(Information given begins)

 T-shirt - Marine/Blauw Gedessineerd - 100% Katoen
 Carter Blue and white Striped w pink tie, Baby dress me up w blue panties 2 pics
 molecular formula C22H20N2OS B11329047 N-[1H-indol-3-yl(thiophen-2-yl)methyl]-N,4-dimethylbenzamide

(Information given ends)
(Information given begins)

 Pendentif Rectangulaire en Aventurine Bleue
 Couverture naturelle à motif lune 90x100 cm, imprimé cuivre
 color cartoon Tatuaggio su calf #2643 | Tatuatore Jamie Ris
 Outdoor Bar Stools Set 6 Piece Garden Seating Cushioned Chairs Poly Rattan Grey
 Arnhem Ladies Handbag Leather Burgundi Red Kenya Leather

(Information given ends)

**Your objective**
Output the lines above between the one holding "Outdoor Bar Stools" and the one holding "Arnhem Ladies Handbag", inclusive, with nothing before or after them.

**Solved exercise**
 Outdoor Bar Stools Set 6 Piece Garden Seating Cushioned Chairs Poly Rattan Grey
 Arnhem Ladies Handbag Leather Burgundi Red Kenya Leather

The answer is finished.